Dataset entries:

-.-.-

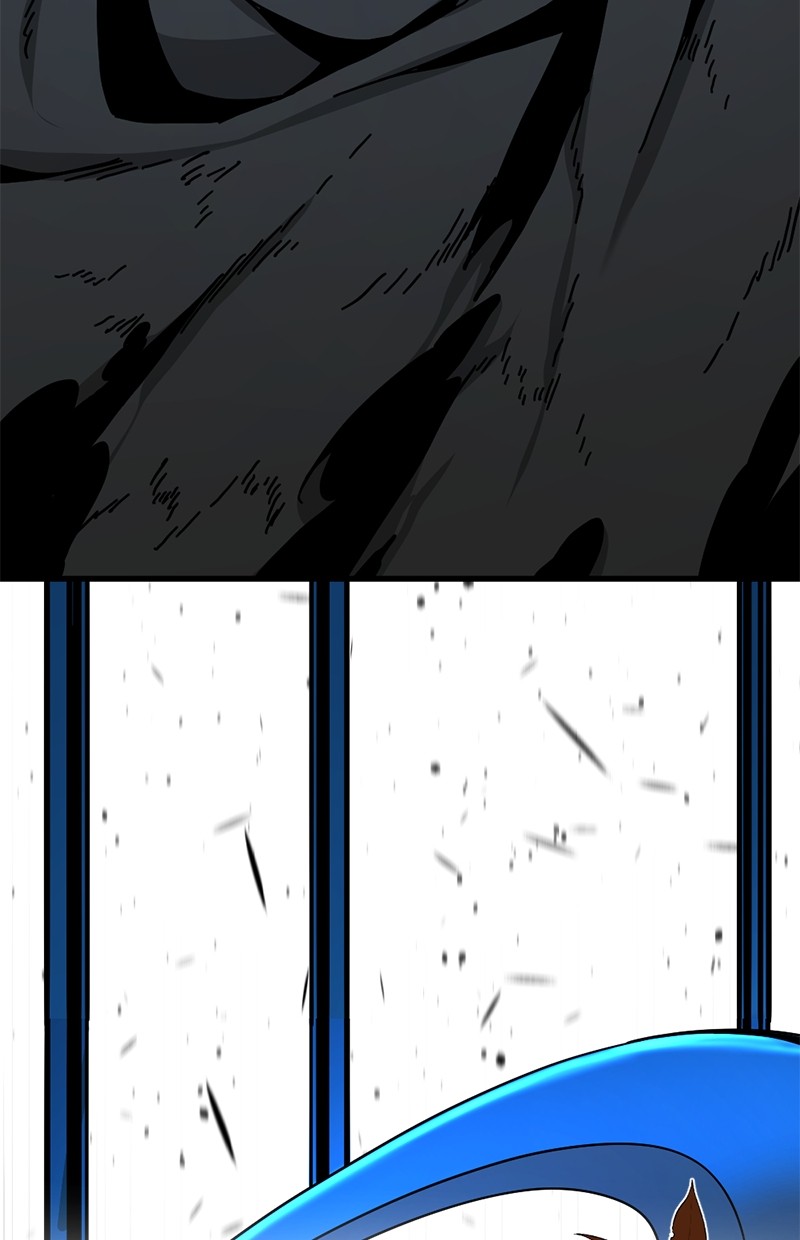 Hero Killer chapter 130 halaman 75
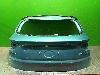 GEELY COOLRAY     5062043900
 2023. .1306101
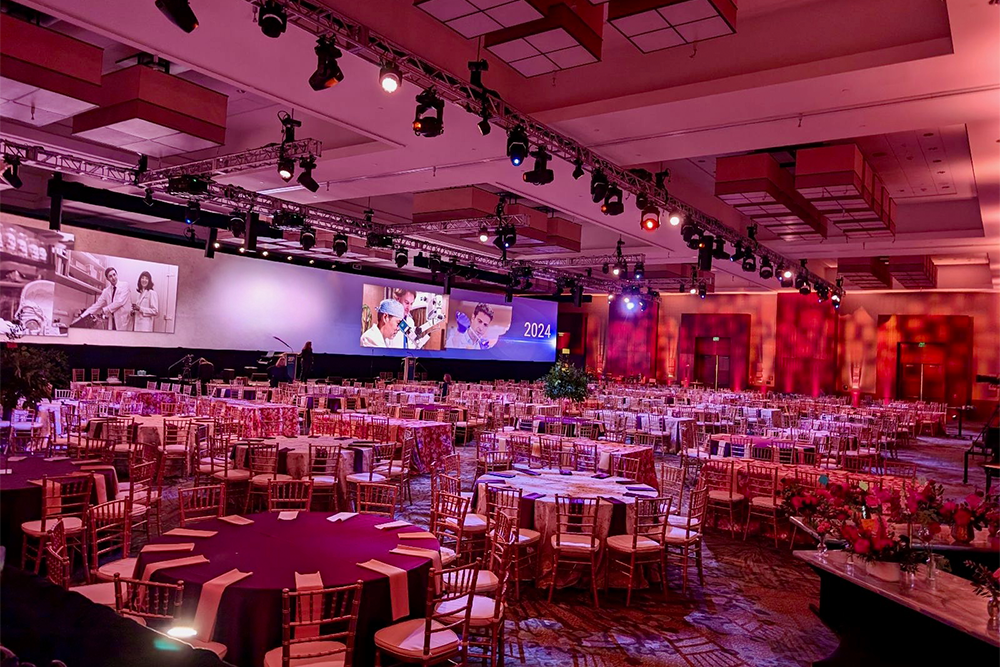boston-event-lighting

-.-.-

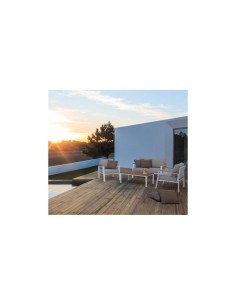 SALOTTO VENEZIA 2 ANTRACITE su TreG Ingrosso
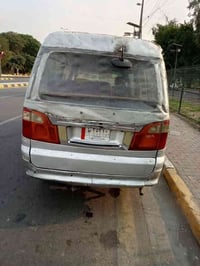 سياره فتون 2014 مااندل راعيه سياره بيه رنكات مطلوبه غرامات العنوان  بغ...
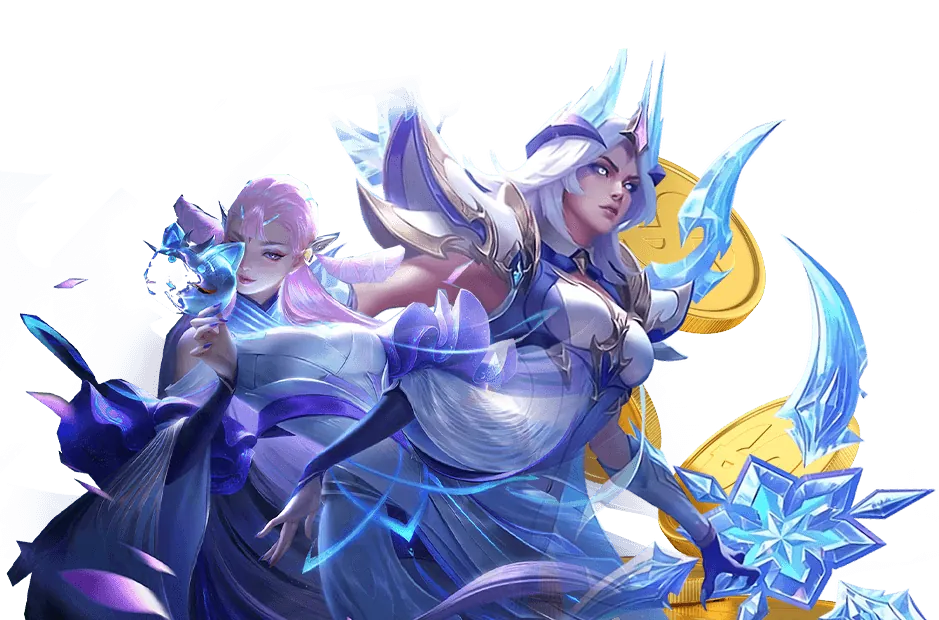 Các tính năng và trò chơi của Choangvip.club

-.-.-

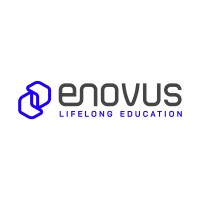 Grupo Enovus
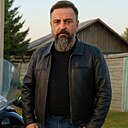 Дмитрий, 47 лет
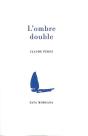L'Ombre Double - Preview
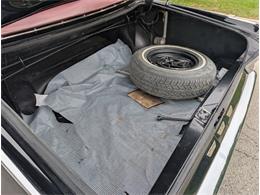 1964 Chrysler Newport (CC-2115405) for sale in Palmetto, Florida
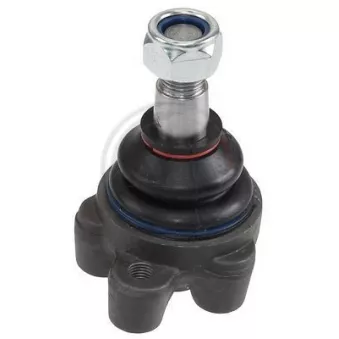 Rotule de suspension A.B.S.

-.-.-

Nothing but the lines above, starting at the line that contains "Hero Killer chapter 130 halaman 75" and ending at the line that contains "boston-event-lighting", should be given again, exactly and without the pictures.

 Hero Killer chapter 130 halaman 75
 GEELY COOLRAY     5062043900
 2023. .1306101
boston-event-lighting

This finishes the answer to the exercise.